Assignment
For this exercise, return only the lines in the records below from the one holding "2026 Chevrolet Equinox AWD 4dr LT w/2LT" through the one holding "FL Medical Vacumed", including both, exactly as they appear and without pictures.

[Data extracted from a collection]
========================================
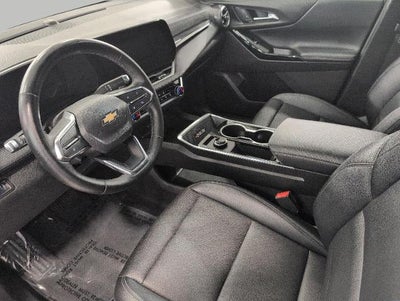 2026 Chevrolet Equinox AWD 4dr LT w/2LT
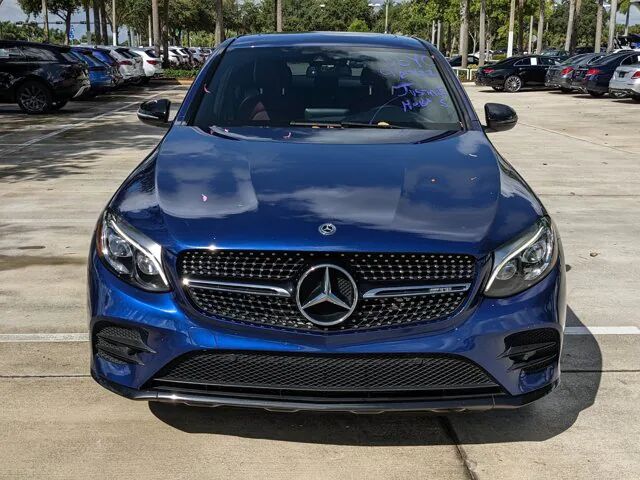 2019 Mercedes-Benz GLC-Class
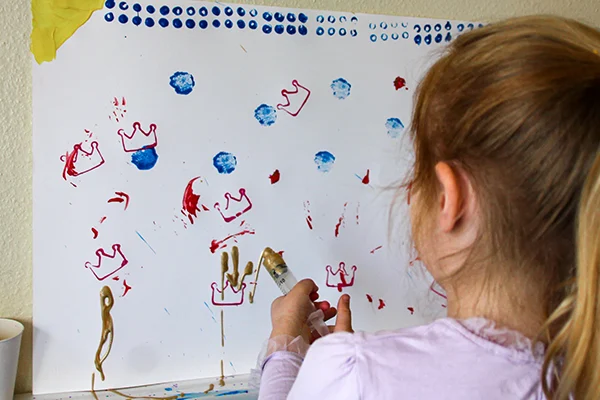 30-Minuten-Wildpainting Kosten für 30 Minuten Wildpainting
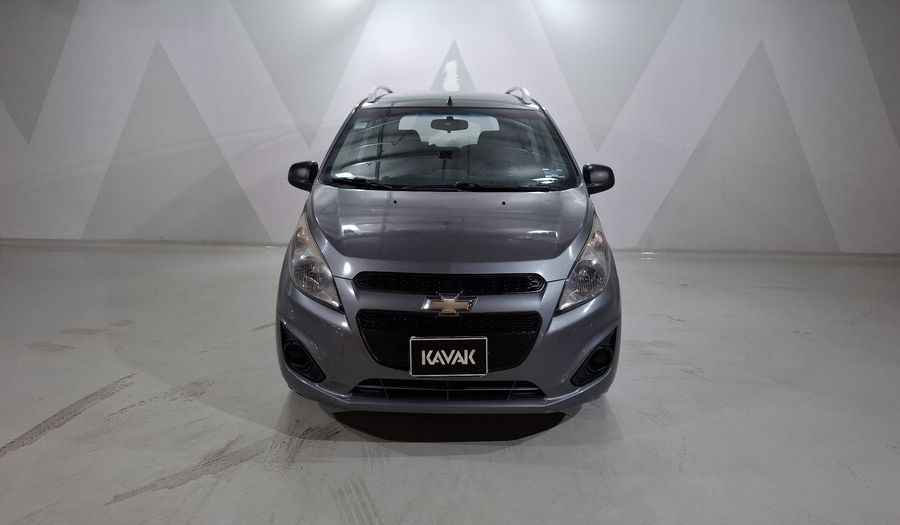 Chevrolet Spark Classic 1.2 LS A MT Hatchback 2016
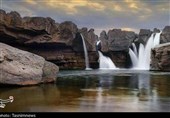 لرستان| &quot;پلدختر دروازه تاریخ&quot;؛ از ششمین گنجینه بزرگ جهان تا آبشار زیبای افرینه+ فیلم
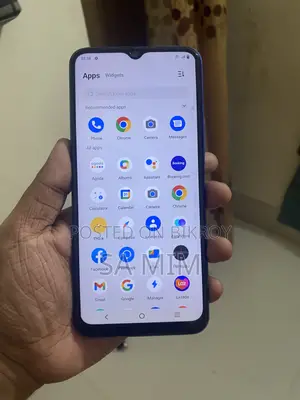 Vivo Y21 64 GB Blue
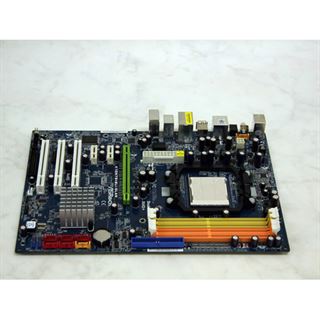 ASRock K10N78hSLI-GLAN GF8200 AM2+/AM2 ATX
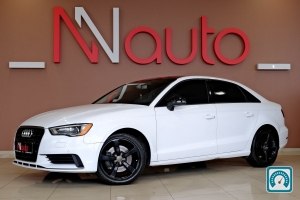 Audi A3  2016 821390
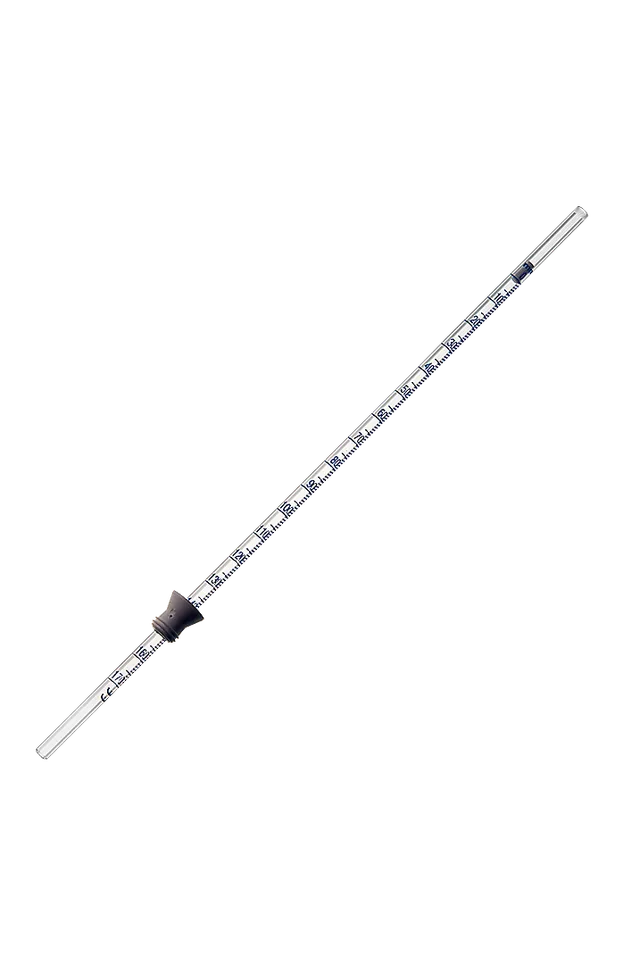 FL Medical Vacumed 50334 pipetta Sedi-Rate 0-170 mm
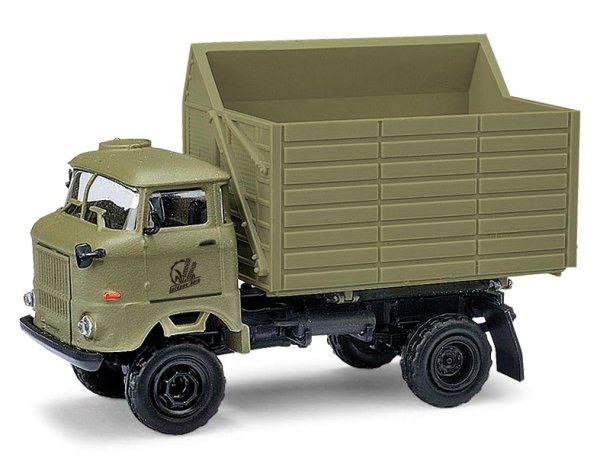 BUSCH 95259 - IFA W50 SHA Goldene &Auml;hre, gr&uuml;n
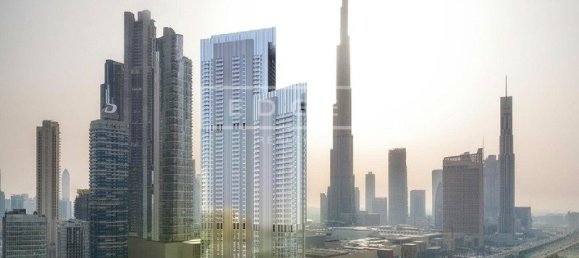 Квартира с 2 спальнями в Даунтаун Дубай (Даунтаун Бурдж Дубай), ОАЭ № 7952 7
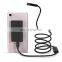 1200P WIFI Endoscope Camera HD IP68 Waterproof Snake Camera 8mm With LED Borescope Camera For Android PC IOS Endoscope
========================================
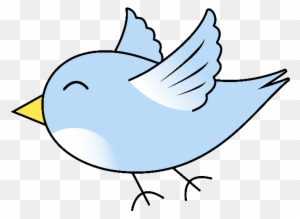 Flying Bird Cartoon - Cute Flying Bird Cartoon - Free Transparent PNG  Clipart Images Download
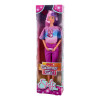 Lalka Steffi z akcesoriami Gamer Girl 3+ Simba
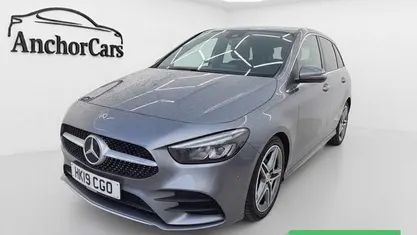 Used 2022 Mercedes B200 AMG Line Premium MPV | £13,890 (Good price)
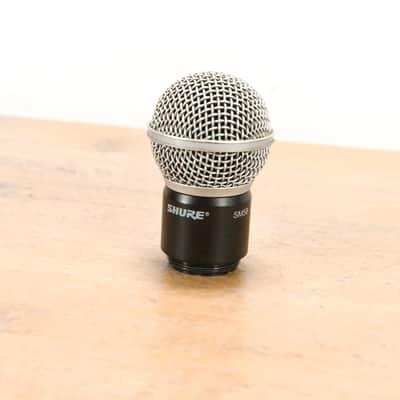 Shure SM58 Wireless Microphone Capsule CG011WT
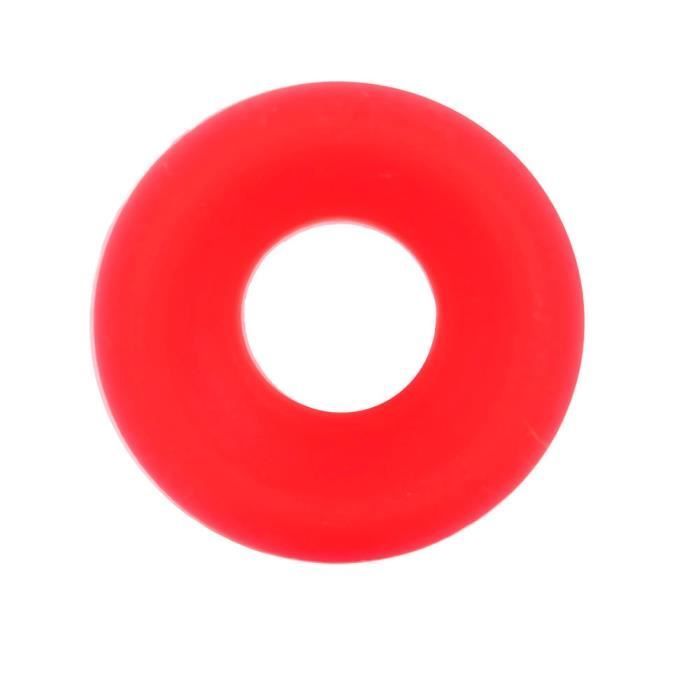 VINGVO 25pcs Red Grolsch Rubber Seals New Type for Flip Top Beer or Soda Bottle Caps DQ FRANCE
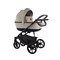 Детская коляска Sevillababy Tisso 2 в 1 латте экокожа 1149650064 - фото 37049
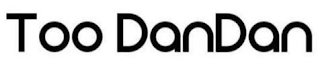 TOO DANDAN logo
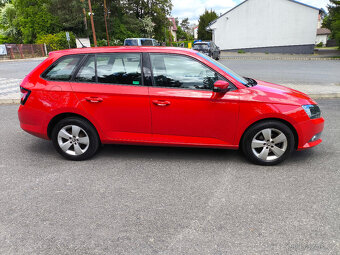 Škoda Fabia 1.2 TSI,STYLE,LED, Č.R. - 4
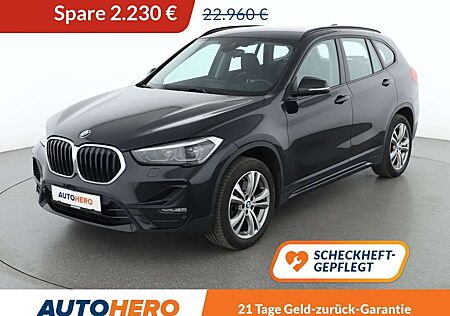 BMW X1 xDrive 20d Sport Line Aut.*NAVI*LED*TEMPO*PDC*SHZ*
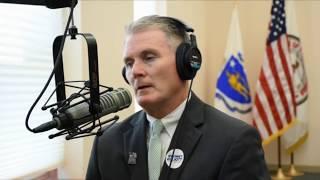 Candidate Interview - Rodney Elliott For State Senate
========================================
Response
 2026 Chevrolet Equinox AWD 4dr LT w/2LT
 2019 Mercedes-Benz GLC-Class
 30-Minuten-Wildpainting Kosten für 30 Minuten Wildpainting
 Chevrolet Spark Classic 1.2 LS A MT Hatchback 2016
 لرستان| &quot;پلدختر دروازه تاریخ&quot;؛ از ششمین گنجینه بزرگ جهان تا آبشار زیبای افرینه+ فیلم
 Vivo Y21 64 GB Blue
 ASRock K10N78hSLI-GLAN GF8200 AM2+/AM2 ATX
 Audi A3  2016 821390
 FL Medical Vacumed 50334 pipetta Sedi-Rate 0-170 mm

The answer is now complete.